◆ **Task item**:
Search the records for the string "Print", then copy each line where it appears.

Stored dataset items
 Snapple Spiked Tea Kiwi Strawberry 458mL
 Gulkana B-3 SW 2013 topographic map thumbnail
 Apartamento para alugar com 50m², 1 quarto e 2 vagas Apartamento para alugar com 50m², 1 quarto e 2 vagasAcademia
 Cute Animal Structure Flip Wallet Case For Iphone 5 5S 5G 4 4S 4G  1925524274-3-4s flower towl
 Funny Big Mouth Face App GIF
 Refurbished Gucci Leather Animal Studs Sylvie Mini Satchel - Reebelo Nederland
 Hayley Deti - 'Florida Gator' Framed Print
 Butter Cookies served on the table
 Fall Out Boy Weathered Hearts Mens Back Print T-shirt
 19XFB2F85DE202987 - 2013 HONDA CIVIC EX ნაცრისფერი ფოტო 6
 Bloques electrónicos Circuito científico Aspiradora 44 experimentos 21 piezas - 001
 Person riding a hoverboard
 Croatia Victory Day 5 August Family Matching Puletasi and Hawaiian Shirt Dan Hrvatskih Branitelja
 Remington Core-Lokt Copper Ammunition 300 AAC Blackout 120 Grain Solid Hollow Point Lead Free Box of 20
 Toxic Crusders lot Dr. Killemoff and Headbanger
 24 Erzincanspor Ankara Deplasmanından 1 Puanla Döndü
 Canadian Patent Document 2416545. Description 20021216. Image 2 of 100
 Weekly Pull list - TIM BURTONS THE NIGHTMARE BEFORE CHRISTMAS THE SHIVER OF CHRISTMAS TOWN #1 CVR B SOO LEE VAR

◆ **Written solution**:
 Hayley Deti - 'Florida Gator' Framed Print
 Fall Out Boy Weathered Hearts Mens Back Print T-shirt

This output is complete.